We left-handed people are a silent minority who are discriminated against on an almost daily basis. Nothing on a large scale like bank-loans or job vacancies, but a whole basket-full of everyday tasks.

If you are right-handed, next time you peel a carrot or potato, try using the peeler in your left hand. Try using a handheld electrical item like a power drill that has the switches on the side. Try writing with a traditional nibbed fountain pen. Try writing the last cheque in a standard cheque book when there are 30 or 40 empty stubs still in the book. Try using a pair of kitchen scissors that have handles designed for holding all your fingers. Try using a traditional can opener. Ever noticed that computer mice are usually ergonomic? Only if you use it on the right that is. Which arm is your watch on? And if it's an analogue timepiece, would you find it as easy to wind up if it was on the other wrist?
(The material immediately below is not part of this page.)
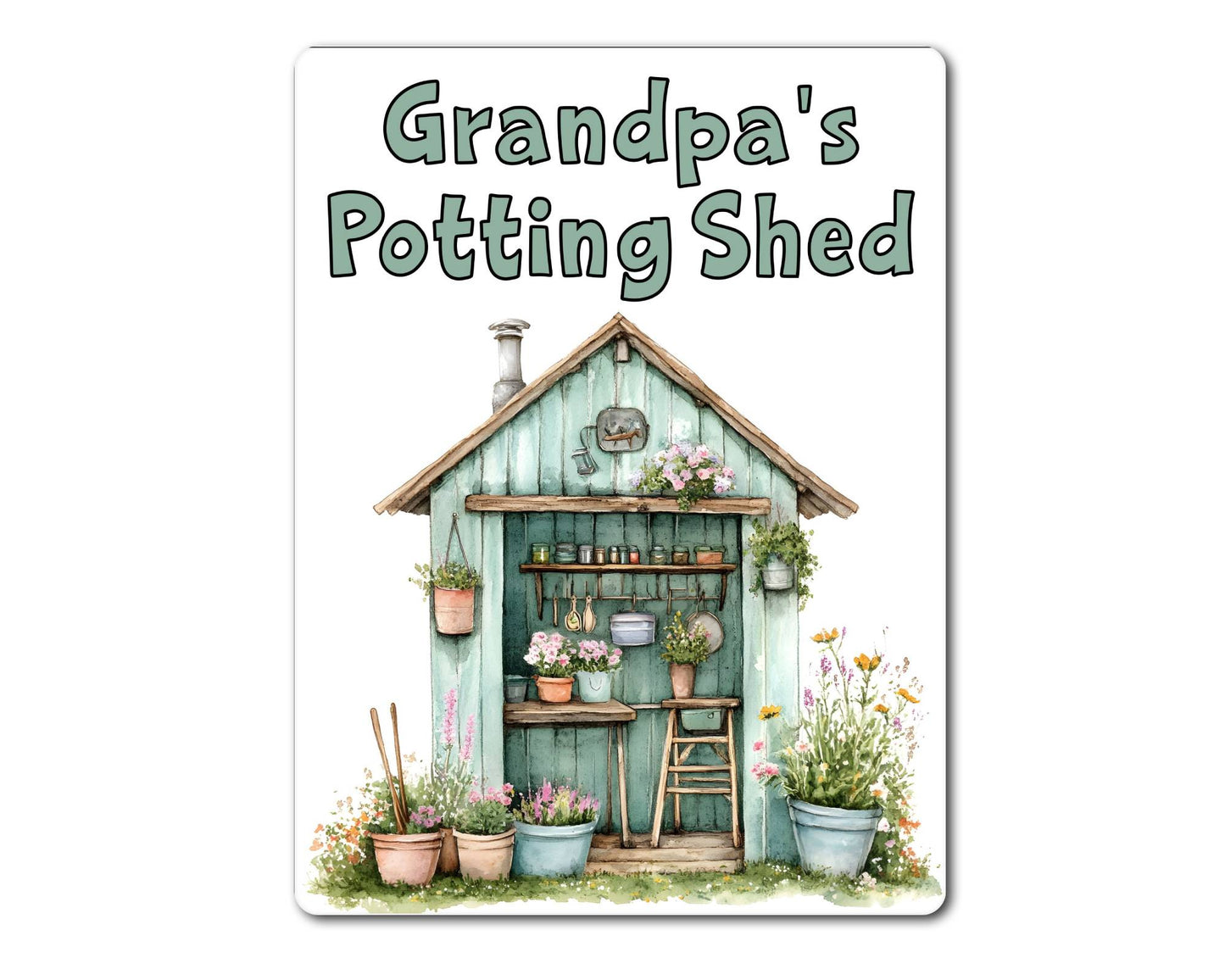 Gardening Metal Sign Gift - Grandpa's Potting Shed - Green - Cute Fun Novelty Family Aluminium Present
...and funniest of all, try fanning out a hand of playing cards that only have indicies in two of the corners, the opposite way.

It's a minefield out there.

January 05, 2008

The Birds



Drunkeness level 0/5
This morning I managed to recreate a scene made famous by one of my favourite directors. The Birds by Alfred Hitchcock. If you haven't seen the film, I highly recommend it. The scene in question is when Tippi Hedren is outside the school and the birds begin to gather one by one on the climbing frame behind her. When the frame is full, and they try to evacuate the children they attack.

Anyway, I digress. This morning I did my bit for mother nature by cutting up all the crusts of homemade bread I had in my bread bin and putting them in a carrier bag. On the way to work, as I walked through the park, I left a trail behind me for the wildlife to feast on. (Actually I felt a bit like Hansel and Gretel heading to the gingerbread cottage but without the lederhosen)


I turned round and saw one magpie attempting to pick up a chunk of bread. Obviously what I defined as 'small chunks' when I was cutting up the bread was not the definition this bird would have used!

I moved on, sowing the crumbs as I went, and turned round again. Now there were three magpies and a HUGE seagull following me. I'd gone from Hansel and Gretel to the Pied Pier of Hamelin, swapping rats for birdlife.

As I got to the end of the park, I still had a handful of cubes left so I made a little pile near a park bench and table. I turned round once more, only to see a flock of seagulls, a multitude of magpies, two or three blackbirds, a handful of wood pigeons and one tiny sparrow (I think he was lost, or he was only there as a guest of one of the blackbirds).

Needless to say I dumped the empty bad in a nearby bin and made a swift exit. I wasn't about to find out what effect two-week old homemade bread has on a city dwelling seagull.



Hitchcock would have been proud of me, and I didn't need trained creatures or plastic replicas either.